EXERCISE REQUIREMENTS
Nothing but an exact copy is asked for: the lines in the material below from the one with "Starbucks .5 miles" through the one with "New Build - Town", pictures excluded.

PROVIDED RECORDS
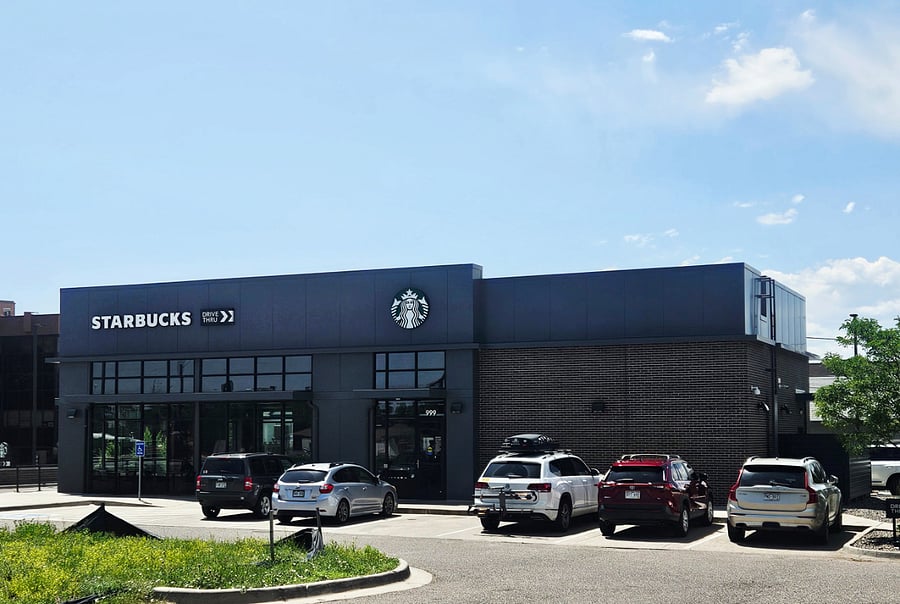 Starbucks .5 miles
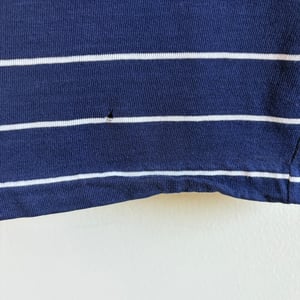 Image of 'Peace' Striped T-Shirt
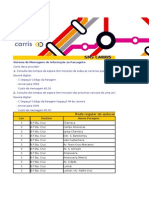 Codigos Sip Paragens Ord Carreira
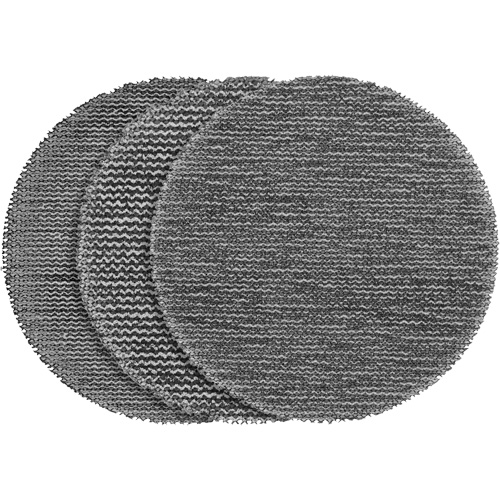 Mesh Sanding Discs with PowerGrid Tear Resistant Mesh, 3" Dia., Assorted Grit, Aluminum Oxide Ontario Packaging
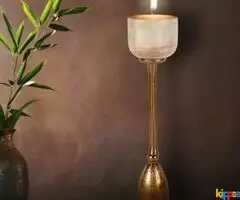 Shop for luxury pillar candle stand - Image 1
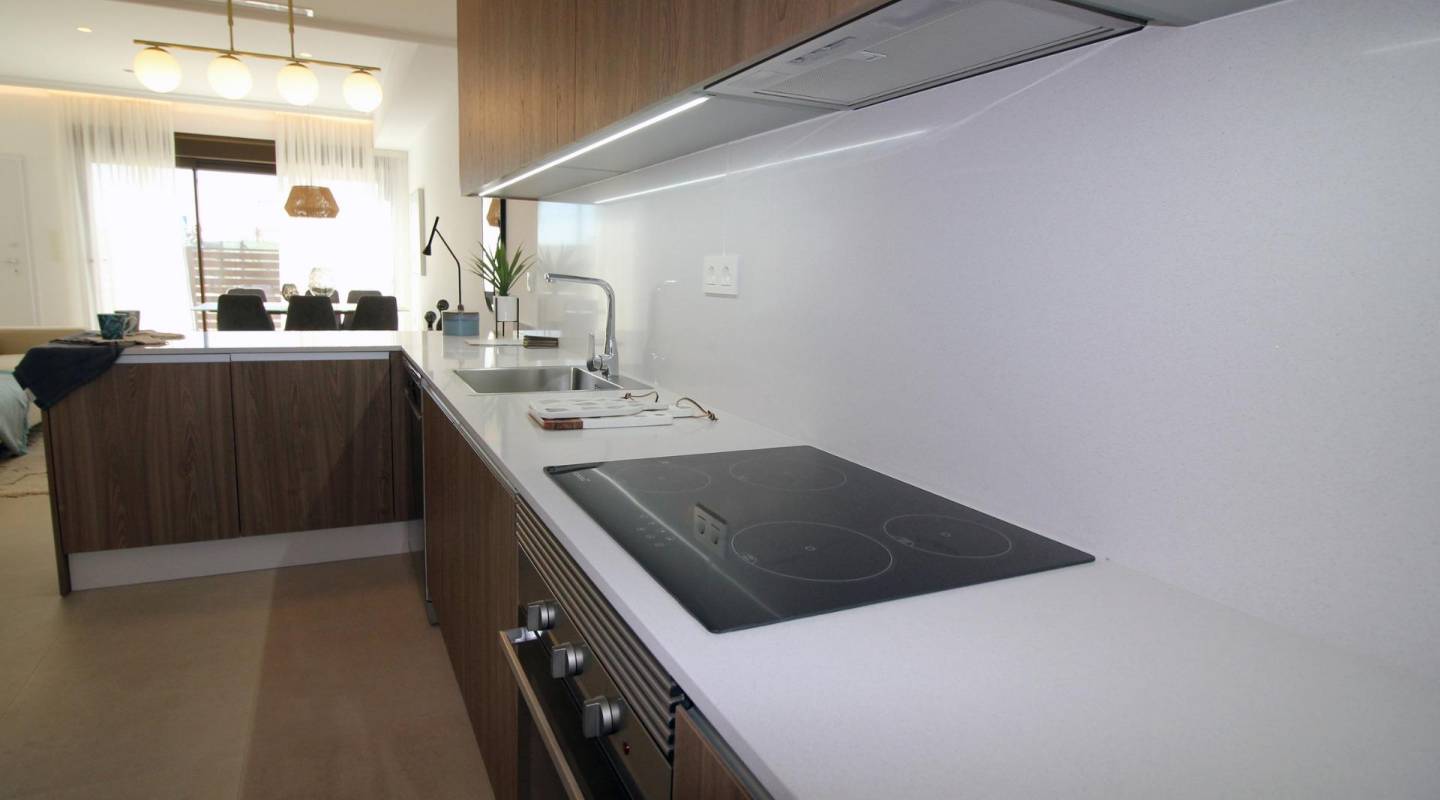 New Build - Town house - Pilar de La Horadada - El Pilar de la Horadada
==
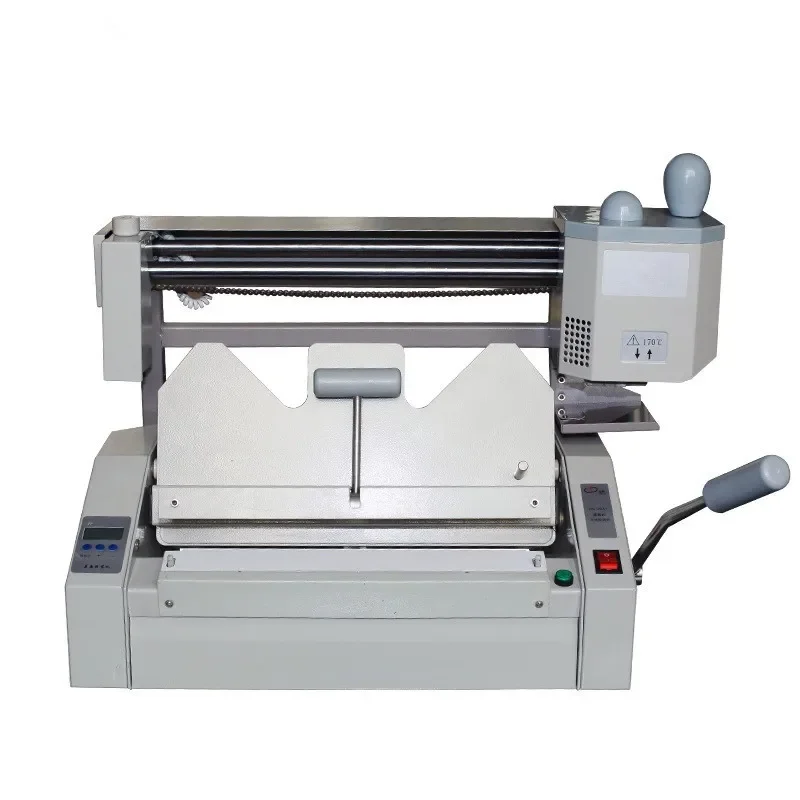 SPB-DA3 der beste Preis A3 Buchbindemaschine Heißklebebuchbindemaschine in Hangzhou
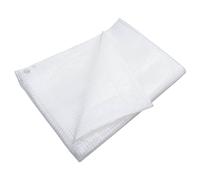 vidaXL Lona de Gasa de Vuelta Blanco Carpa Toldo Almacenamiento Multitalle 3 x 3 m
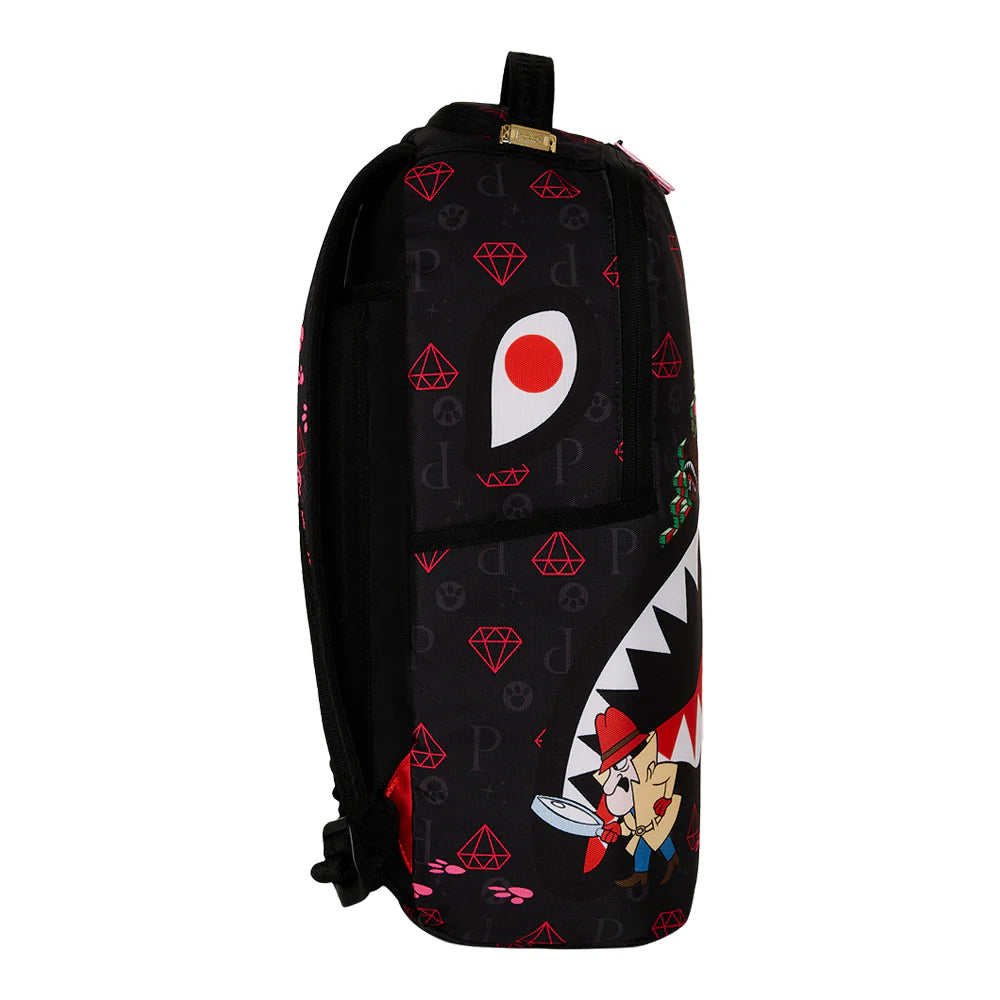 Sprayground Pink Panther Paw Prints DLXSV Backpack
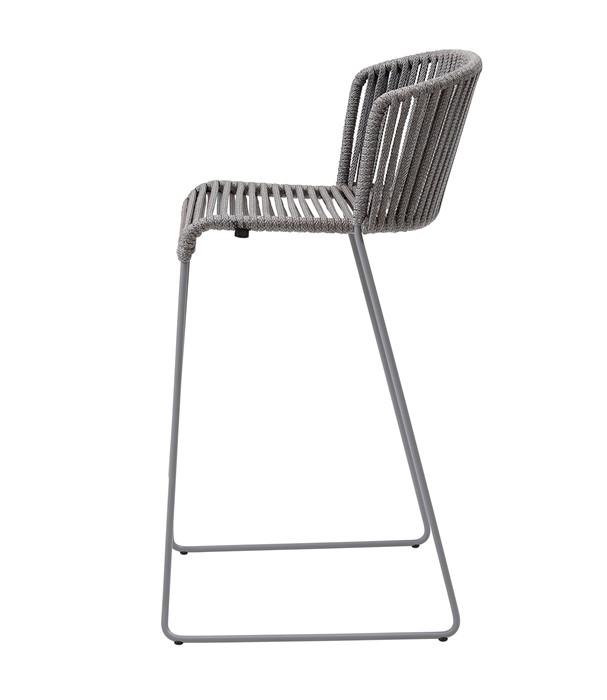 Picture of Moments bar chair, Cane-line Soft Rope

WORKED SOLUTION
 Starbucks .5 miles
 Image of 'Peace' Striped T-Shirt
 Codigos Sip Paragens Ord Carreira
 Mesh Sanding Discs with PowerGrid Tear Resistant Mesh, 3" Dia., Assorted Grit, Aluminum Oxide Ontario Packaging
 Shop for luxury pillar candle stand - Image 1
 New Build - Town house - Pilar de La Horadada - El Pilar de la Horadada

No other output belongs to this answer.